Что дня два, зимой, бродил по Киото монах, поседевший. Он славил богов и проклинал: благодарил за любовь к красавице, чарующей нечеловечески, да кричал обиженно, что жестоки были боги, подарив это слабое тело, так быстро одряхлевшее.
Никто не слушал его. Боялись, что сумасшедший.
Нашли мертвым у храма стен. Отощавший. От голода, может. Или дряхлое тело зимнего ветра не перенесло. И откуда он только вышел?
Дня через два старый-старый настоятель храма, у которого нашли тело неподвижное, припомнил, что лет тридцать назад один из молодых послушников пропал. На молебне большом в той жуткой усадьбе. Но, разумеется, на вопрос его, кинувшегося разыскивать тело, ответить не мог уж никто.
* * *
Улыбка скользнула по тонким губам страшного лица худого, с глазами запавшими. Кровь показалась на губах, потрескавшихся от улыбки той, но мальчик не заметил ее. Боли не заметил. Уперся как-то руками худыми в подстеленное кимоно, даже вдруг сел — брат и сестра отшатнулись напугано — и жутко радостно горели черные-черные глаза его.
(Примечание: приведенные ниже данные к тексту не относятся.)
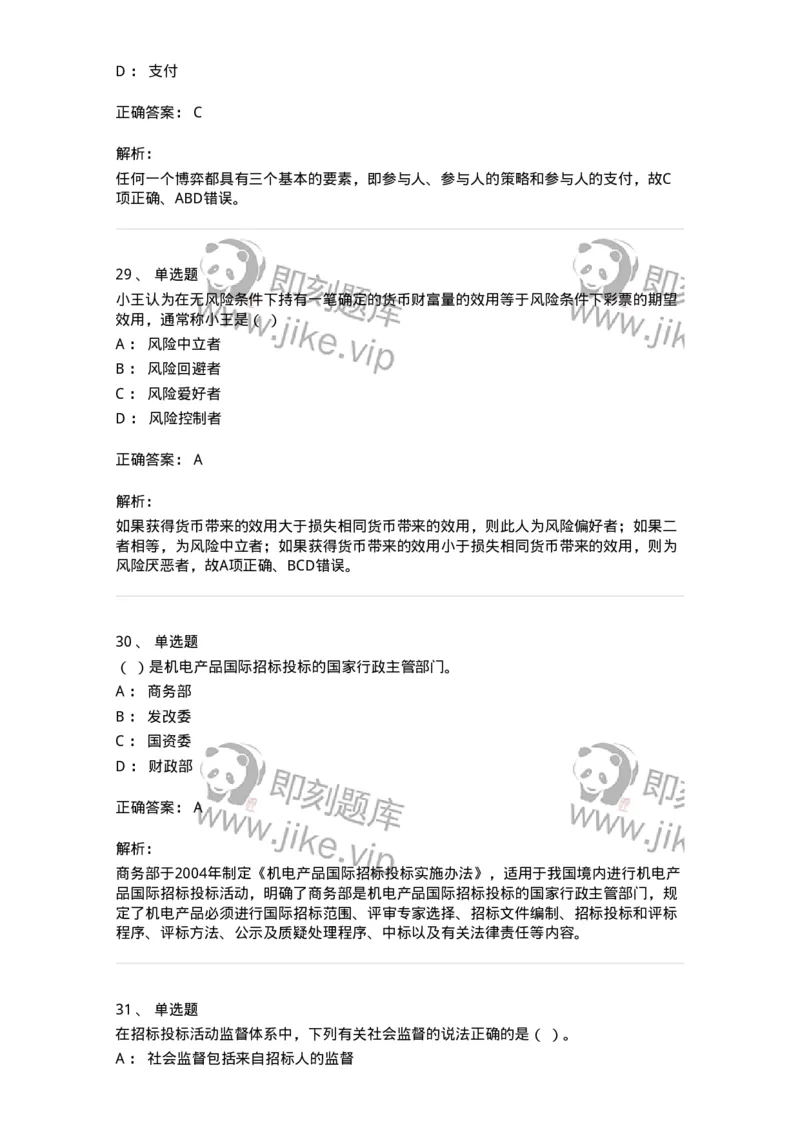 1217-2020年军队文职人员招聘考试《审计学》真题-137375_军队文职(1)_01.军队文职真题-专业课_（全）版本一（历年真题+章节练习+模拟题）_审计学(军队文职)_历年真题_题目+解析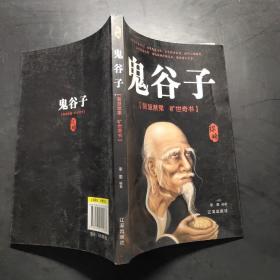 鬼谷子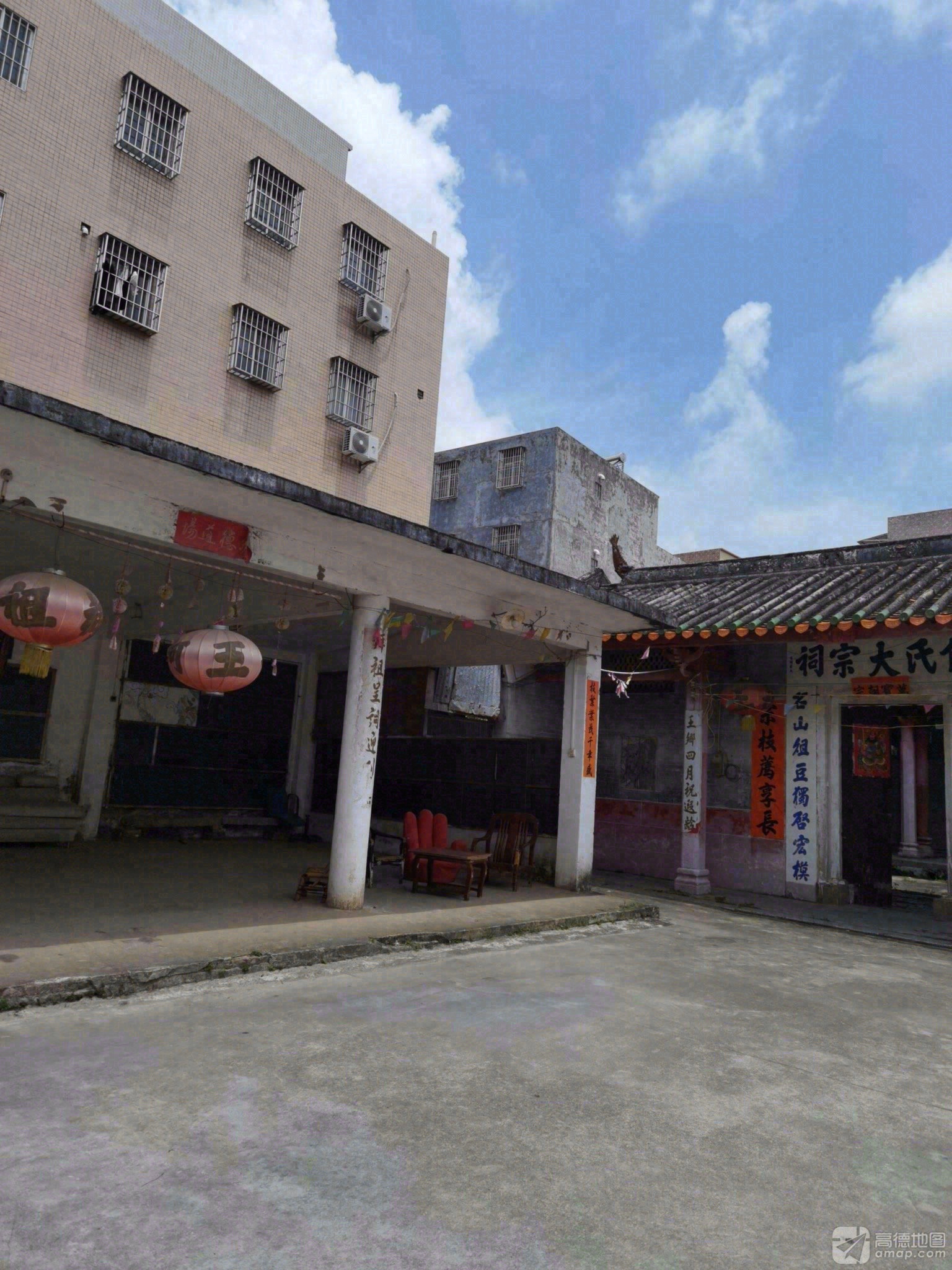 何氏大宗祠实景照片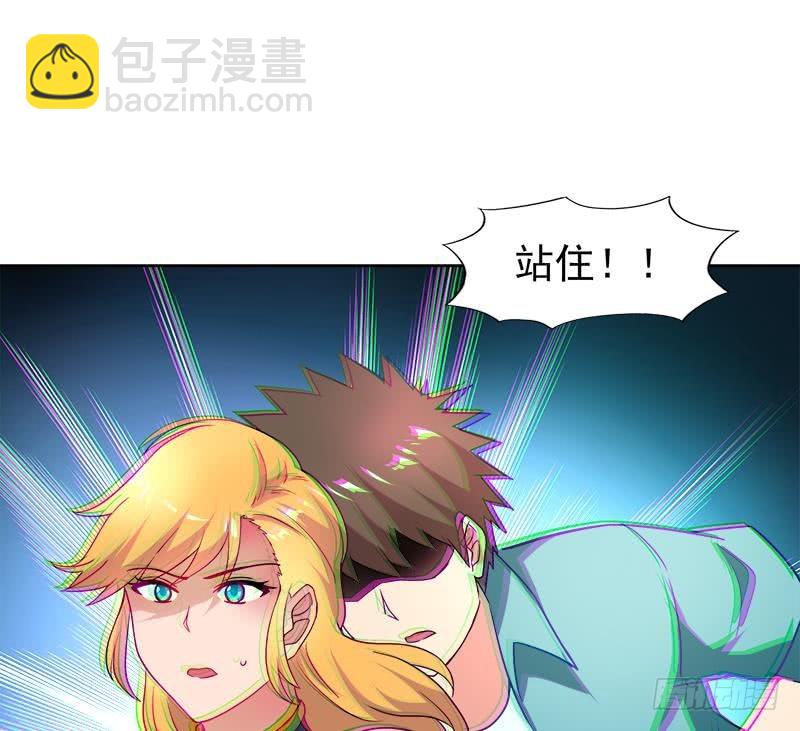 🍼地府混江龙 第181话 孤立 第44页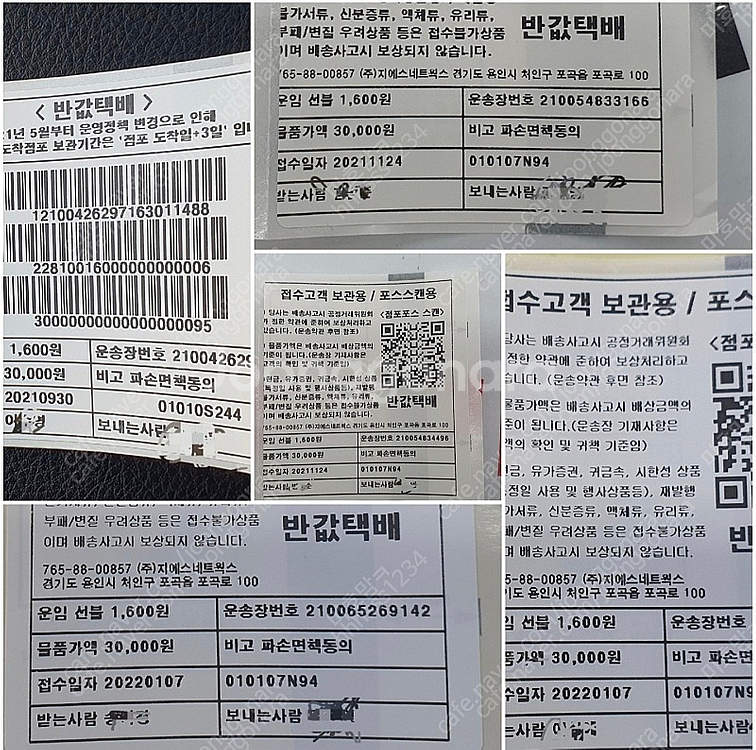 코스트코 상품권 연간회원권( 10장은 가격️)--4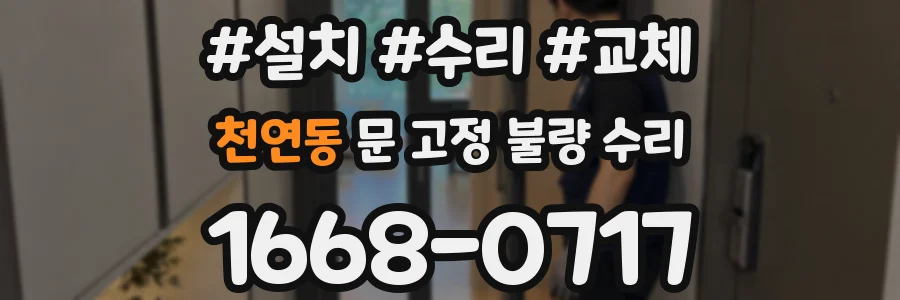 천연동 문 고정 불량 수리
— Вот бы увидеть ее! Ту усадьбу! Может, живут там кицунэ?.. Или вход в мир другой? Только вход открывается в ночи полной луны? Может, на несколько мгновений всего?!
— Ох, ты что! — Фудзиюмэ страшно перепугалась, — И думать не смей! Зачем ходить в такое страшно место?! — в запястье руки костлявой вцепилась, напугав порывом своим больного — хотя тот руки не отнял, — Я тебя ни за что не отпущу!
— Да разве я смогу дойти? — брат ухмыльнулся горько — и рукою свободною у лица ее, замершей, провел, — Посмотри какие страшные стали мои руки! Ноги, верно, даже не поднимут тело мое. Холод вокруг. Куда я пойду?
И, вздохнув тяжко, снова улегся. Или даже упал обратно в постель? И сказал уже тихо-тихо, когда брат с сестрой переглянулись:
— Я, наверное, до конца зимы и не доживу.
Расплакалась Фудзиюмэ. И в глазах Сюэмиро появились слезы.
— Ах, брат! — всхлипнула девочка, — Да что ты такое говоришь?! Жуткое такое!
— А что… — Синдзигаку поднял над одеяниями дрожащие руки, — Я стал таким ужасным… мне страшно смотреть на мои руки… во что они превратились. А мое лицо? И лицо мое теперь стало ужасным! Да, говорят, после тяжелых болезней, меняется и лицо. Люди становятся страшными. И никому я не буду нужен такой!
— Брат! — Фудзиюмэ упала на постель, на худую-худую грудь, прикрытую двумя слоями кимоно, и разрыдалась.